Welcome to the launching pad of my Sequenza21 blog, a space where new music will serve as a catalyst for wide-ranging discussions of culture, politics, history, art, marketing, psychology and possibly even the weather. I have a few things to say on many of these topics, and I'm hoping your feedback will give me even more to say, and much to think about.

I am a full-time composer who gets great satisfaction from other roles as educator, conductor and administrator. A lot more personal/professional detail may be found on my website, but for the immediate purposes of this post, the generic outline will do.

What I Hope to Accomplish:
By pulling together an assortment of ideas from current cultural thinking, historical precedents, dissenting voices and some of my own pet notions, I hope to explore the ways that new music can illuminate and coalesce the disparate strands of our lives in the early twenty-first century.
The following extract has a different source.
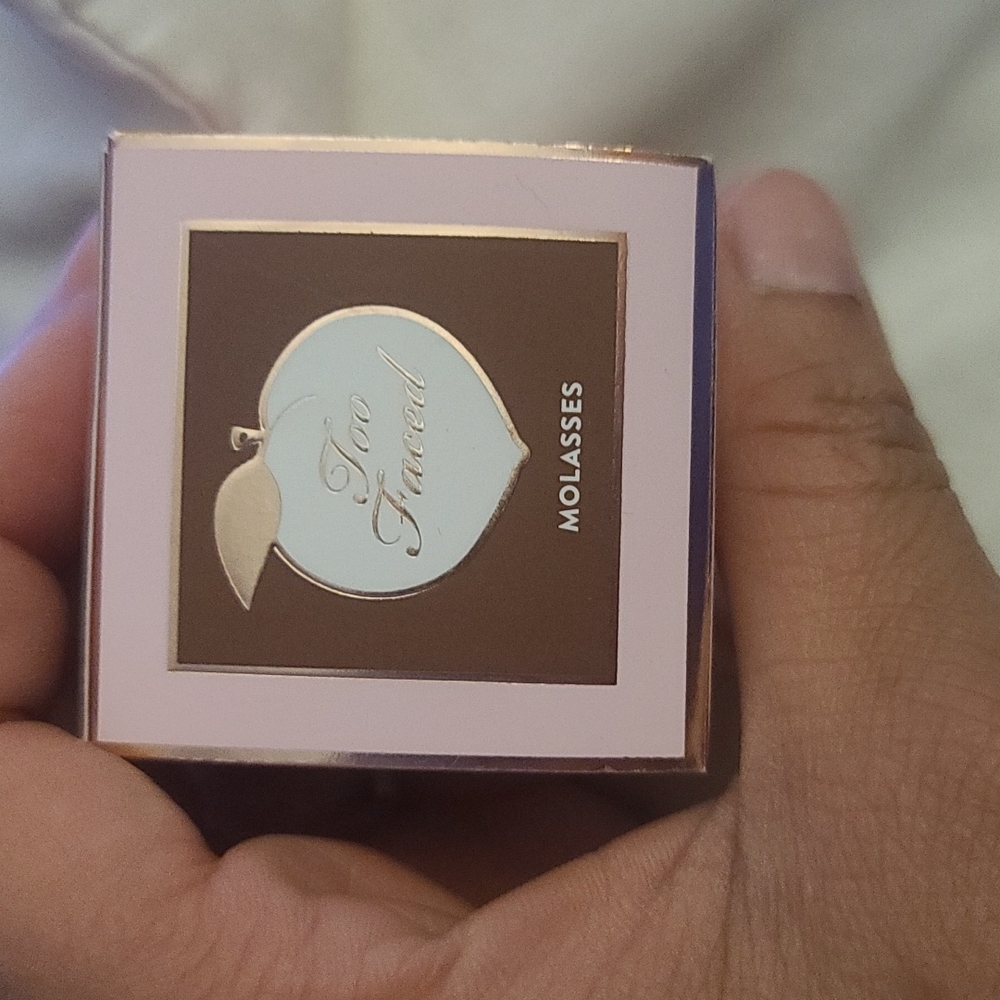 New TOO FACED Peach Perfect Instant Coverage Concealer - Picture 3 of 3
The direction is clear; the destination is yet to be discovered. I start with the axiom that there are no two points so distant from one another that they cannot be connected by a single, straight line -- and an infinite number of curves.

What I'd Like to Avoid:
Polemical arguments, and -- in particular -- critical dichotomies: I am not a fan of the current ubiquitous form of logic that separates the world into X and Y, then says X is good because Y is bad. If I have a particular view to espouse, I hope I can make a compelling argument without relying on my ability to demonize those who feel differently -- musicians, listeners, critics, politicians -- even when they deserve it.

I am confident that the true demons will do our dirty work for us.

That's my launching pad, and with a bit of luck I will be able to hold things on course -- although I am not averse to the occasional surprise side trip! Again, although I have a plan in mind, reader response will do much to inform the direction from one post to the next. Please don't hesitate to join me: I'll do my best to make the journey worthwhile.